Karena itu, tidak mengherankan apabila pemerintah pusat sering tertarik dengan Kalbar ketika isu-isu perbatasan muncul, termasuk kehadiran perusahaan-perusahaan pertambangan dan perkebunan yang investornya berasal dari Malaysia.

Pemerintah pusat seolah tidak tertarik membangun perbatasan. Nasionalisme di perbatasan hanya sebatas nasionalisme yang terkait kebutuhan barang dan jasa. Artinya, terkait dengan ekonomi. Nasionalisme ekonomi ini tentu tidak menuntut penyamaan kesejahteraan antarnegara, tetapi lebih berupa kemudahan dalam melakukan aktivitas ekonomi dengan pembangunan infrastruktur sampai kemudahan dalam perizinan.
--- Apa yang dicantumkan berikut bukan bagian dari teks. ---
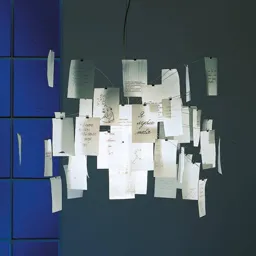 Hanging light Zettel’z 5 with slips of paper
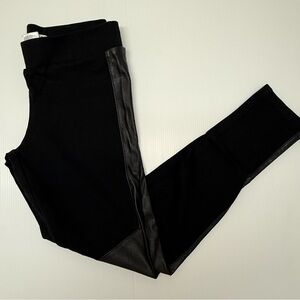 Parasuco Black Leggings with Leather Accents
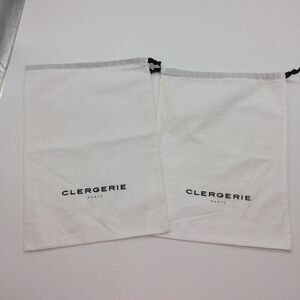 Robert Clergerie Paris 2 Unmatched NWOT White Dust Bags w/Black Drawstrings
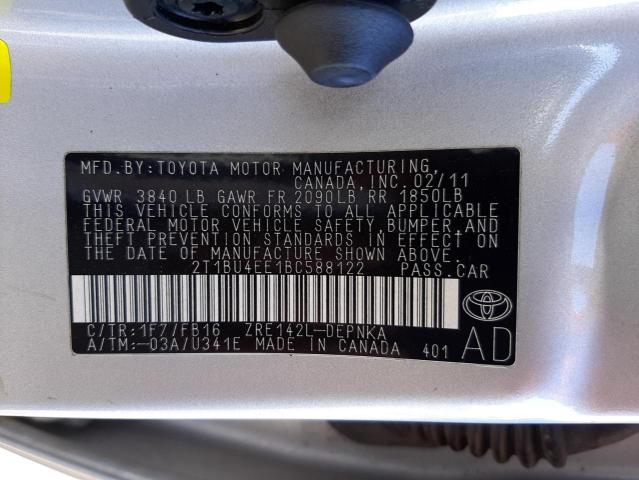Photo 10 from auction – 2011 TOYOTA COROLLA BA with VIN 2T1BU4EE1BC588122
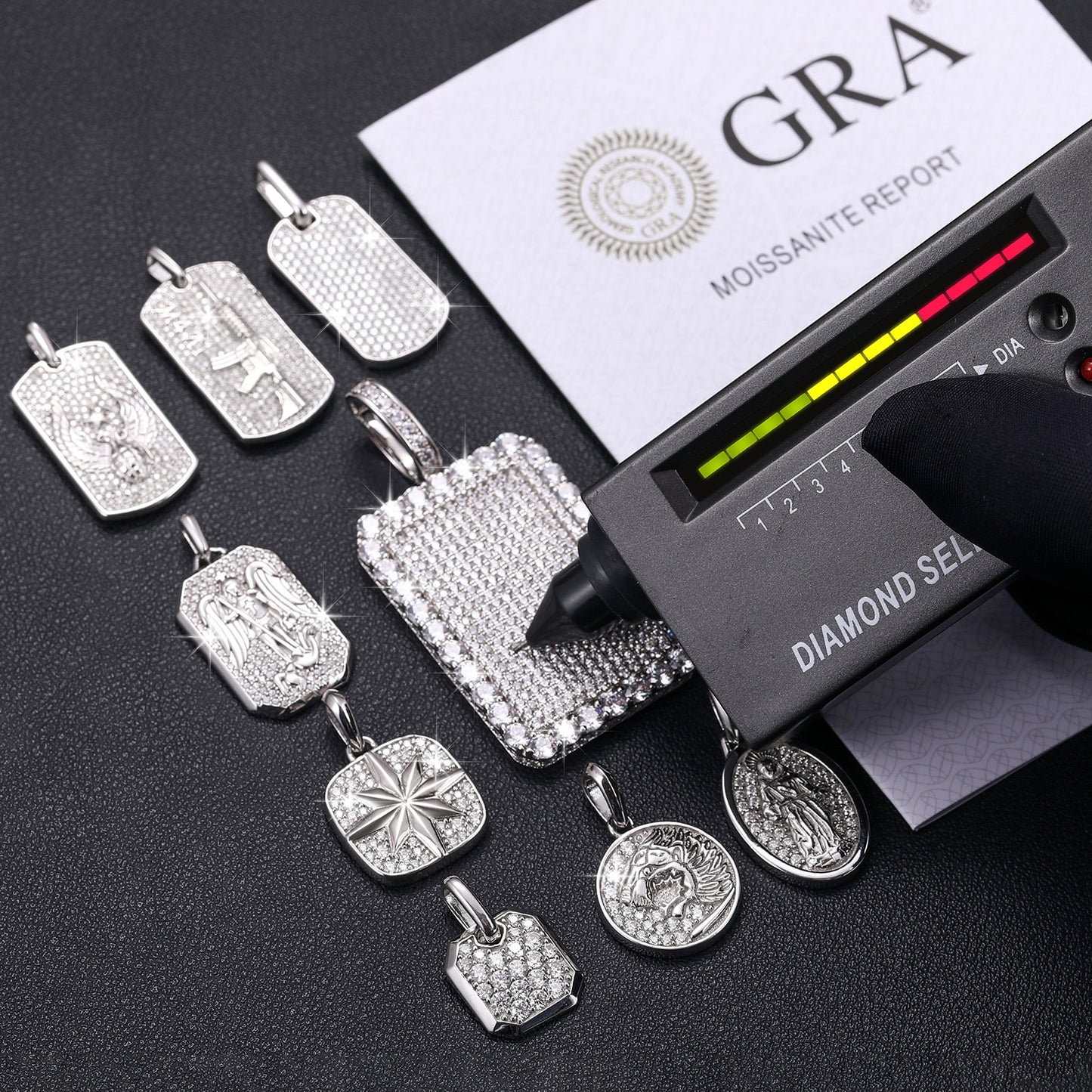 Klassische Moissanit-Anhänger aus 925er Sterlingsilber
Kalau nasionalisme ekonomi dihadirkan dalam keadaan perut lapar, lama-kelamaan yang muncul adalah pengikisan terhadap apa yang disebut sebagai "komunitas yang terbayangkan" seperti bangsa.

Pemerintah pusat lupa menyebarkan investasi di luar tanah Jawa, terlebih khusus lagi di luar Jakarta. Kesenjangan pembangunan selama ini menyebabkan hanya Jawa yang dikejar sebagai tujuan investasi, termasuk sedikit di Papua dan Kalimantan. Kalbar, sebagai daerah yang memiliki sumber daya alam, sumber daya budaya, dan sumber daya manusia yang majemuk, seakan tak dilirik sebagai model pertumbuhan baru.

Pemerintah pusat terlalu disibukkan dengan masalah-masalah sederhana yang terkait dengan kelebihan uang sehingga memicu informasi yang negatif, misalnya korupsi atau pembangunan ruangan Badan Anggaran (Banggar DPR). Bahkan, daya serap anggaran di pemerintah pusat sedikit, sehingga anggaran sisa mencapai 10-30 persen per tahun.

Apa salahnya Kalbar? Barangkali karena kekurangan demi kekurangan dibandingkan dengan Jawa. Tetapi, bukannya Jawa juga mengandung kekurangan, terutama dalam keterbatasan lahan? Jumlah penduduk di Jawa juga makin besar. Dalam pemilu saja, 65 persen pemilih berasal dari pulau Jawa. Sekalipun Jawa dihuni oleh beragam etnis, tetap saja dari sisi penyebaran penduduk terasa timpang. Hal ini tidak terlepas dari kesenjangan lain, terutama kesenjangan di bidang pembangunan kebutuhan dasar penduduk antara Jawa dan luar Jawa. Besarnya jumlah penduduk juga berarti mendesak bagi pengalihfungsian lahan-lahan pertanian menjadi lahan-lahan pemukiman.

Mumpung Kalbar masih memiliki banyak lahan kosong, penyusunan blue-print pembangunan menjadi lebih mudah. Apalagi bagi Partai Golkar yang sudah menyusun blue-print Indonesia 2045 akan makin baik apabila melalui pendekatan kewilayahan. Sekalipun masuk sebagai kesatuan geopolitik dan geostrategis, Kalbar khususnya dan Kalimantan umumnya perlu model-model khusus untuk tetap menjaga pertumbuhan ekonomi di Jawa, sekaligus juga memastikan jalur distribusi barang dan jasa tidak lagi tergantung kepada luar negeri.

Pemerintah pusat melalui Badan Perencanaan Pembangunan Nasional dan kementerian terkait sebetulnya sudah menyusun kawasan-kawasan ekonomi khusus. Hanya saja dukungan kurang terasa, terutama akibat perbedaan visi dan misi masing-masing menteri dan kepala daerah. Karena itu, partai dituntut menyusun program yang lebih komprehensif, sehingga mendapatkan dukungan luas dari seluruh stakeholders pembangunan.